À l’heure où chacun met une majuscule à toutes sortes de mots qui naguère n’en prenaient pas, à l’heure où l’on fait précéder d’un zéro tout nombre inférieur à dix et où l’on écrit en chiffres ce qui s’écrivait en lettres, à l’heure où l’on imprime les patronymes en capitales à l’intérieur des phrases, à l’heure où l’on coupe les mots n’importe comment en bout de ligne (y compris les noms propres ; et même les noms propres composés, déjà pourvus d’un trait d’union entre deux éléments) ; à l’heure où l’on va parfois jusqu’à abandonner les traits d’union : comment ne pas perdre courage ? Notre crise d’identité, c’est par là qu’elle a commencé, par l’oubli des contraintes élémentaires de l’orthographe.

L’oubli de notre identité, rien ne le manifeste mieux que la désinvolture avec laquelle nous écrivons aujourd’hui notre langue. Mais, plus que d’une désinvolture, il s’agit d’un mimétisme de l’erreur, d’une soumission aveugle à tout ce qui surgit dans l’air du temps. À quelle vitesse ceux qui ont appris à bien écrire désapprennent ce qu’ils savaient, pour adopter la parlure à la mode, fût-elle aberrante ! Nous oublions que le français est la langue d’Aragon, de Balzac, de Saint-Simon, de Racine, de Rabelais, tous orfèvres de la syntaxe, à la fois maîtres et ouvriers quant au travail du style.
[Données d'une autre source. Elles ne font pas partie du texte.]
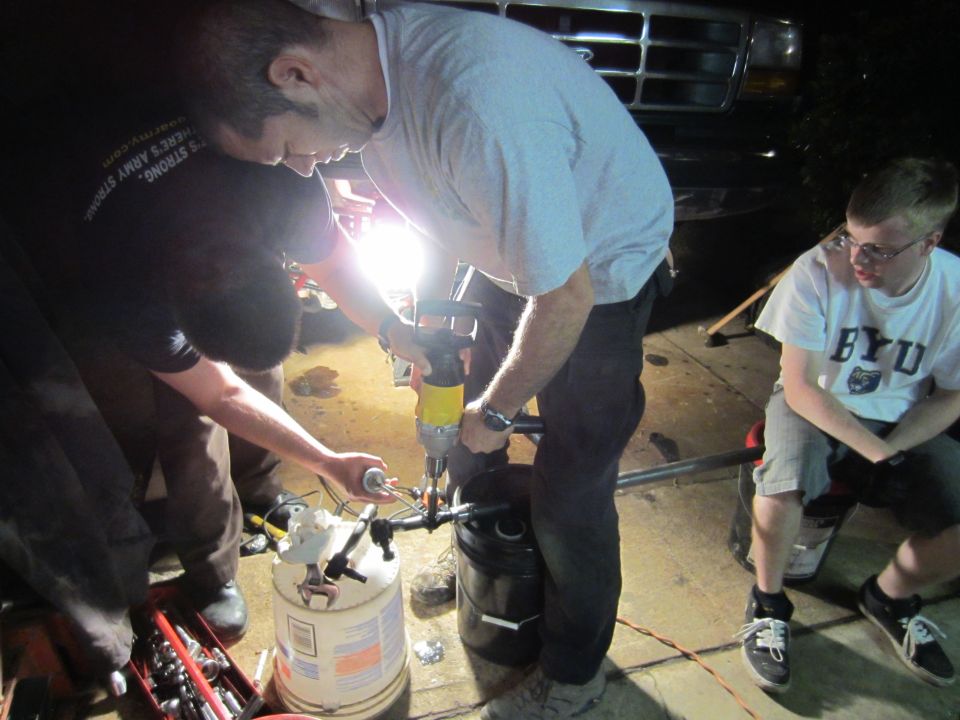 Front grille of a 1990s Ford truck, with people working on something below it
À vous tous, lecteurs, et à vous aussi, écrivains, – à vous tous comme à moi-même, chaque jour, – j’adresse ces recommandations ou cette supplique : observons bien, écoutons mieux, n’adoptons pas tous les usages nouveaux qui nous assiègent les oreilles, gardons la mémoire de la langue que nous avons lue, qu’on nous a apprise ; ne soyons pas sourds à nos propres paroles, ni aveugles aux signes que notre main trace sur nos pages. Et ne soyons pas de ces gens, dont parlait Valéry, « pour qui les dictionnaires n’existent pas ».